Exercise goal ->
Reproduce word for word the lines between those holding "Cooking on the stove" and "2014 KIA SORENTO SX", inclusive, and nothing else from the data below.

Short web captions:
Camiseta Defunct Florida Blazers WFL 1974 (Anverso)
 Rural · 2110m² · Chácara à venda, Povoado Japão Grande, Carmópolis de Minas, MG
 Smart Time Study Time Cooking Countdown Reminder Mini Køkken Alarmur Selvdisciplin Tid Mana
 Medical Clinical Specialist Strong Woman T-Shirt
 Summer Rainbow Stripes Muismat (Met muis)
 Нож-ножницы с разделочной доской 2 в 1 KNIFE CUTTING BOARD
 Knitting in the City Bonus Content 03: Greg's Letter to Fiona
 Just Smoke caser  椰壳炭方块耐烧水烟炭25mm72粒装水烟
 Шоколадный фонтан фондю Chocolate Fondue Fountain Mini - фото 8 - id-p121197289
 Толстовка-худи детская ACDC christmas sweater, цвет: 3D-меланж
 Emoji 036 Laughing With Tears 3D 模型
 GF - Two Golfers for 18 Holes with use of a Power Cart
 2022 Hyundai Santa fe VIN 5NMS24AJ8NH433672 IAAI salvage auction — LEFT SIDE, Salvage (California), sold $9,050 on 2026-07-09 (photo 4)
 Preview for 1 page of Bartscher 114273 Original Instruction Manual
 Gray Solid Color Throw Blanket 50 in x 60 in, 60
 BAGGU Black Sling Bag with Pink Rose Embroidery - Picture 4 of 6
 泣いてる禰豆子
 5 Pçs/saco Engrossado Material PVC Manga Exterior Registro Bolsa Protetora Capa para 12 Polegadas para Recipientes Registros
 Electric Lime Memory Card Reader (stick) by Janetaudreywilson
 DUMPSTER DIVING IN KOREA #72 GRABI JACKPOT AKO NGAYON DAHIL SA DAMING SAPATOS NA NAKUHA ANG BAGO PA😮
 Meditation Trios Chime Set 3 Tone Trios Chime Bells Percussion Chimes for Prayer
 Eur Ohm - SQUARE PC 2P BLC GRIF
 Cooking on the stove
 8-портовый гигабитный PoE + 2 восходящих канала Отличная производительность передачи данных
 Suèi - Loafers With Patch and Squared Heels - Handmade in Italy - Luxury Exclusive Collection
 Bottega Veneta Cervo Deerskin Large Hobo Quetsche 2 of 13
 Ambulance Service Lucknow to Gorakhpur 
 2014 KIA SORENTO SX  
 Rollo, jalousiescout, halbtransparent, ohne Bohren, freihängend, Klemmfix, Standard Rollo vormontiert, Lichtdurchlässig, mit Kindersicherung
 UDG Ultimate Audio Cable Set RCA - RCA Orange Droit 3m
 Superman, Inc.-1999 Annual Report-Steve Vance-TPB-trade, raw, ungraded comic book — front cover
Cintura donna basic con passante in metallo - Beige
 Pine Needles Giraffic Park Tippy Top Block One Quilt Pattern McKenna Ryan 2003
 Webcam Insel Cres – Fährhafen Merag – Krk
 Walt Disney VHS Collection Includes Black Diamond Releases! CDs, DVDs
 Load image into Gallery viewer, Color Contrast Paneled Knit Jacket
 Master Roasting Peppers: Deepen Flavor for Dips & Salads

Solution for this problem ->
 Cooking on the stove
 8-портовый гигабитный PoE + 2 восходящих канала Отличная производительность передачи данных
 Suèi - Loafers With Patch and Squared Heels - Handmade in Italy - Luxury Exclusive Collection
 Bottega Veneta Cervo Deerskin Large Hobo Quetsche 2 of 13
 Ambulance Service Lucknow to Gorakhpur 
 2014 KIA SORENTO SX  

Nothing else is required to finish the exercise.